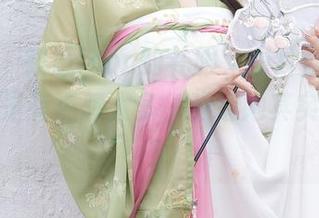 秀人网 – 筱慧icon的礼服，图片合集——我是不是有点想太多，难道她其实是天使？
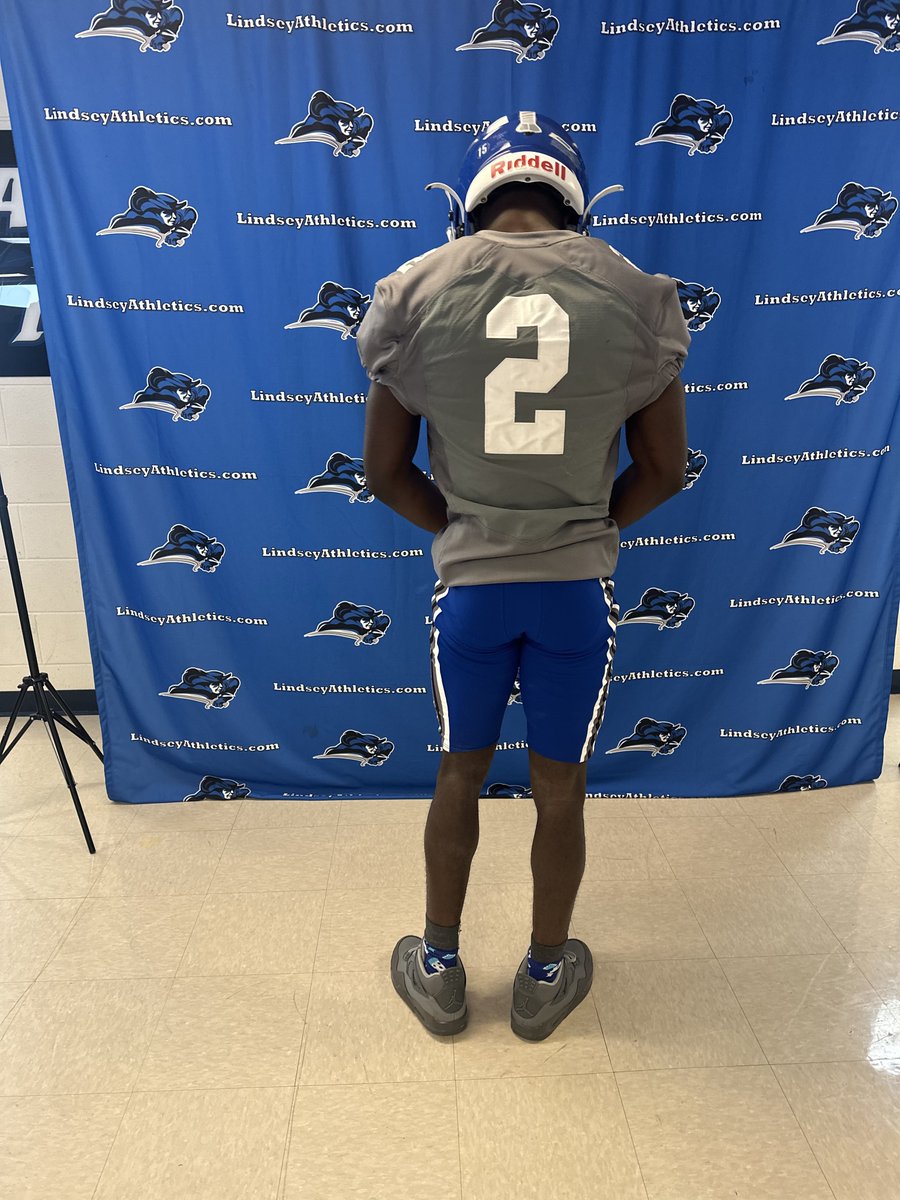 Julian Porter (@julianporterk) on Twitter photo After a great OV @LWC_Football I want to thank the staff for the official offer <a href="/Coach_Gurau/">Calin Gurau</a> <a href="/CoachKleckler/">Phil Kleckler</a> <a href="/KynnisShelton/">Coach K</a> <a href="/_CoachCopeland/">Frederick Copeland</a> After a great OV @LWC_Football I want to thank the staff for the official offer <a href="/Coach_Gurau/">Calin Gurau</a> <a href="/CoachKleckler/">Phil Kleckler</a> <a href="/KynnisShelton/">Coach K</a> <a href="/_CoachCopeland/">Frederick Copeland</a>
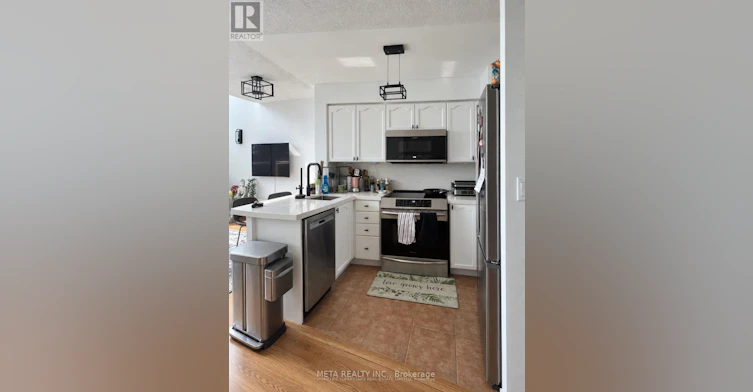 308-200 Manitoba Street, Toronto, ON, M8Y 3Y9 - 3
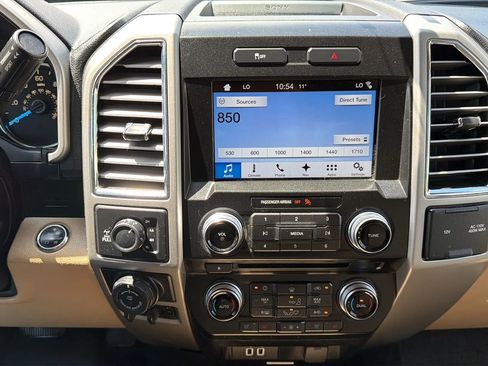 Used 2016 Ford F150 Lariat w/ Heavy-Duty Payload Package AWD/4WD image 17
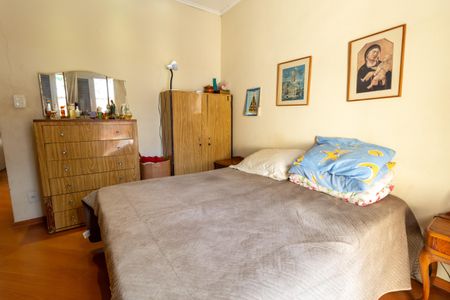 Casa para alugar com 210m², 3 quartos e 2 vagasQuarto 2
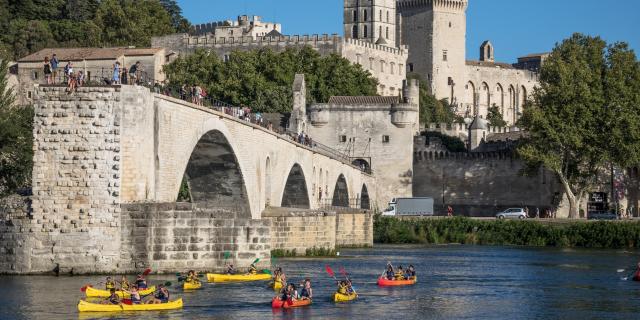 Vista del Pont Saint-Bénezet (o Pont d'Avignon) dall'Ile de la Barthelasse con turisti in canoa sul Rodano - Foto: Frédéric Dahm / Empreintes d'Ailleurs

----

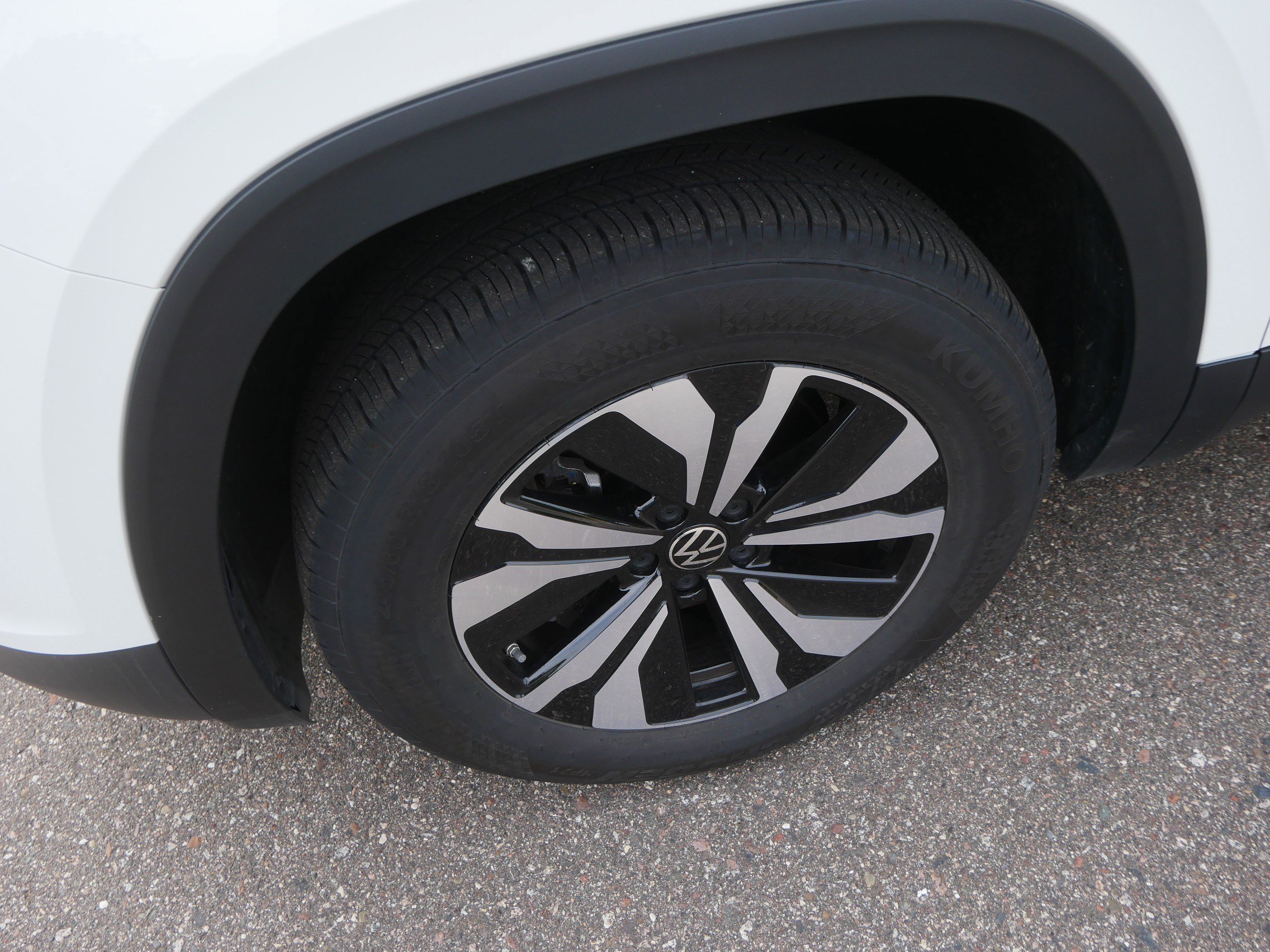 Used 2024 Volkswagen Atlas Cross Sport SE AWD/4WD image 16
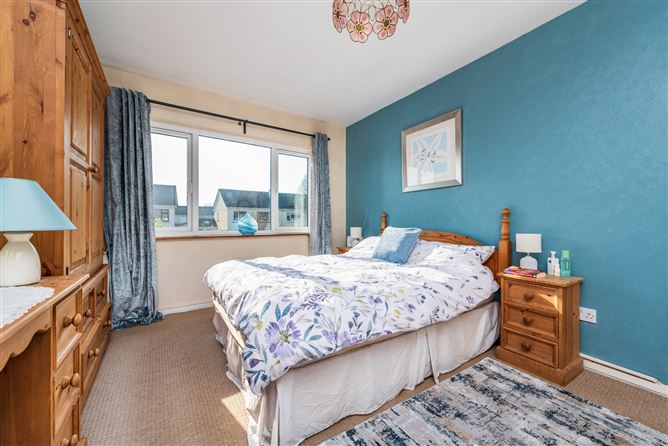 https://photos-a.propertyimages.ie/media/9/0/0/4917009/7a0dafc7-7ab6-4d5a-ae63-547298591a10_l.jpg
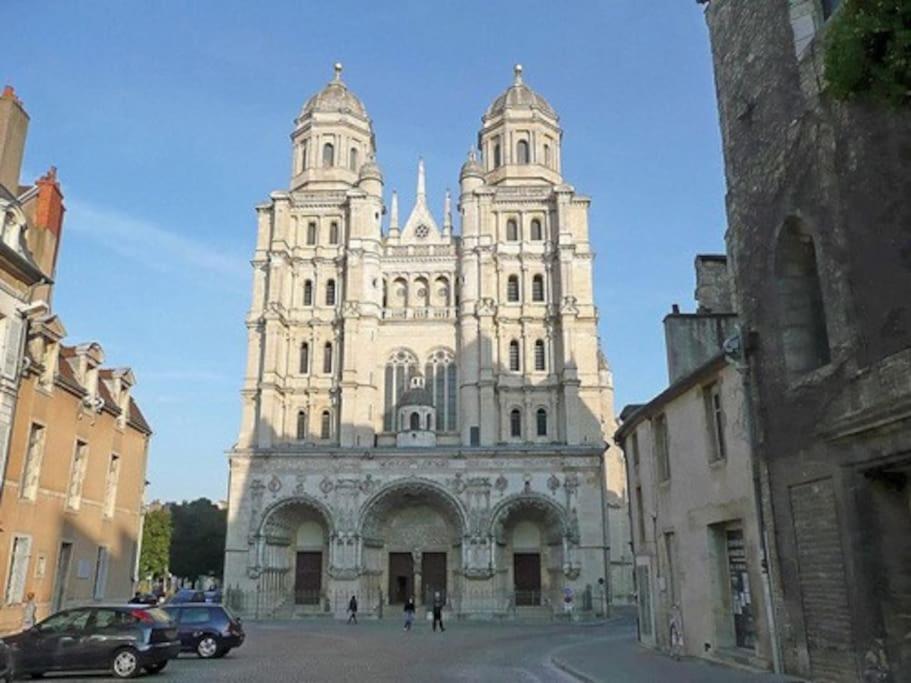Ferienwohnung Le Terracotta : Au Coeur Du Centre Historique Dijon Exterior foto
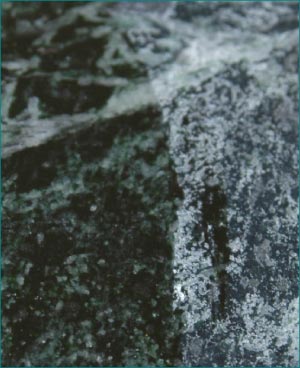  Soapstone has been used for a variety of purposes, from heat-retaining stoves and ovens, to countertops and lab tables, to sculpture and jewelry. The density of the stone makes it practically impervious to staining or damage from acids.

----

> **How to complete this task**: Repeat only the stretch of data above that runs from the line with "Ferienwohnung Le Terracotta" to the line with "Soapstone has been". Keep both end lines; exclude pictures.

> **Exercise output**:
Ferienwohnung Le Terracotta : Au Coeur Du Centre Historique Dijon Exterior foto
  Soapstone has been used for a variety of purposes, from heat-retaining stoves and ovens, to countertops and lab tables, to sculpture and jewelry. The density of the stone makes it practically impervious to staining or damage from acids.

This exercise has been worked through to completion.